05 · ML Pipeline in Practice
Level: Intermediate to Advanced
Pre-reading: All previous sections
End-to-End ML Project
Building a real ML system requires:
1. Problem Statement
Define clearly: - What are we predicting? - What data do we have? - What's success? - What are constraints?
2. Data Collection
Gather data: - Internal logs and databases - APIs and web scraping - Crowdsourcing - Synthetic data generation
Key questions: - How much data? - Is it representative? - Are there biases?
3. Exploratory Data Analysis (EDA)
Understand your data:
- Summary statistics: Mean, median, std, min, max
- Distributions: Histograms, box plots
- Correlations: Which features relate to target?
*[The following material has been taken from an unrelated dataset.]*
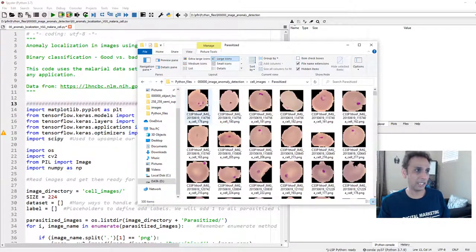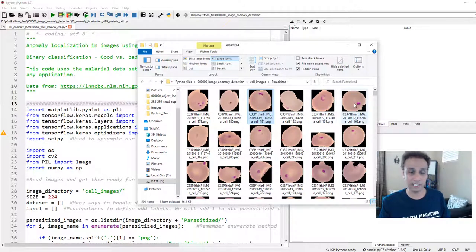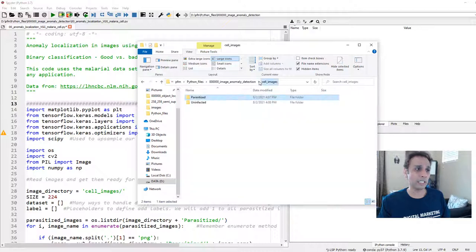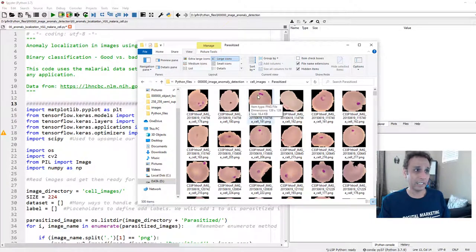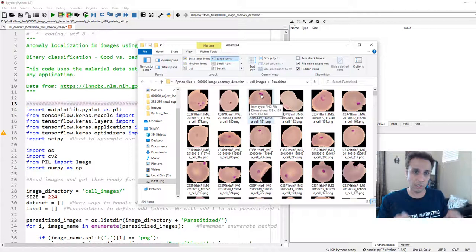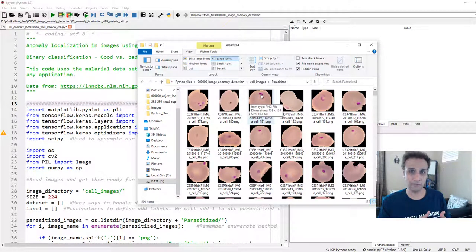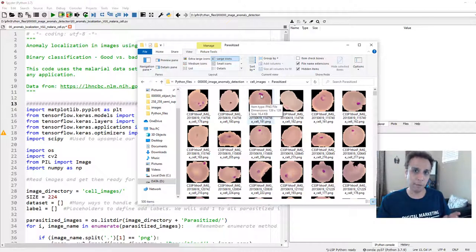If you go to 'parasitized,' it looks very similar to uninfected, except you can see some parasites. We are going to set this up as a binary classification problem, and the idea is when we load a parasitized image, the model should highlight where the parasites are and draw a box. It can be one or many parasites — just show them as hotspots with a red box around each. That's the plan.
- Missing values: How many? Random or systematic?
- Outliers: Errors or real extreme cases?
4. Data Preprocessing
Clean and prepare data:
Handling Missing Values
| Strategy | When to Use |
|---|---|
| Drop | Few missing values (<5%), not important feature |
| Fill with mean/median | Numerical, missing randomly |
| Fill with mode | Categorical |
| Forward/backward fill | Time-series data |
| Predictive filling | Predict from other features |
Handling Outliers
| Strategy | When to Use |
|---|---|
| Remove | Clear errors, few outliers |
| Clip | Few extreme values |
| Transform | Use log or sqrt (reduces impact) |
| Keep | Real extreme values (fraud signals, etc.) |
Data Normalization/Standardization
| Technique | Formula | When |
|---|---|---|
| Min-Max | \((x - \min) / (\max - \min)\) | Scale to [0,1] |
| Z-score | \((x - \mu) / \sigma\) | Scale to mean 0, std 1 |
| Log transform | \(\log(x)\) | Reduce skew, outliers |
5. Feature Engineering
Create meaningful features:
- Domain knowledge: Business-relevant features
- Interactions: Multiply/divide features
- Polynomials: Square, cube features
- Binning: Convert continuous to categorical
- Aggregations: Time windows, counts
6. Model Selection
Choose model(s) to try:
| Model Type | When to Use |
|---|---|
| Linear Regression | Simple, interpretable, fast |
| Decision Trees | Non-linear, handles categories, interpretable |
| Random Forest | Robust, handles interactions, less tuning |
| Neural Networks | Complex non-linearity, lots of data |
| Gradient Boosting | State-of-the-art, competitive models (XGBoost, LightGBM) |
Start simple, increase complexity if needed.
7. Baseline Model
Create simple baseline (median prediction, simple rule):
Why? - Provides reference point - Quick reality check - Highlights value of complex model
8. Iterate & Improve
| If Problem | Try |
|---|---|
| Underfitting (high training loss) | Add features, increase model complexity, train longer |
| Overfitting (high validation loss) | Add regularization, more data, simpler model |
| Slow training | Reduce data size, simpler model, use GPU |
| Poor on specific examples | Analyze failing examples, add relevant features |
9. Final Evaluation
Evaluate on held-out test set: - Report accuracy, precision, recall, F1 - Create confusion matrix - Analyze failure cases - Compare to baseline
10. Deployment
Put model in production: - REST API endpoint - Batch processing - Embedded model - A/B testing
11. Monitoring & Retraining
Important: Monitor model performance over time:
- Track prediction accuracy
- Detect data drift (new patterns)
- Retrain periodically
- Set up alerts for performance drop
How much data do I need?
Depends on model complexity and problem difficulty. Rules of thumb: 1,000 for simple models, 10,000+ for deep learning. More data always helps.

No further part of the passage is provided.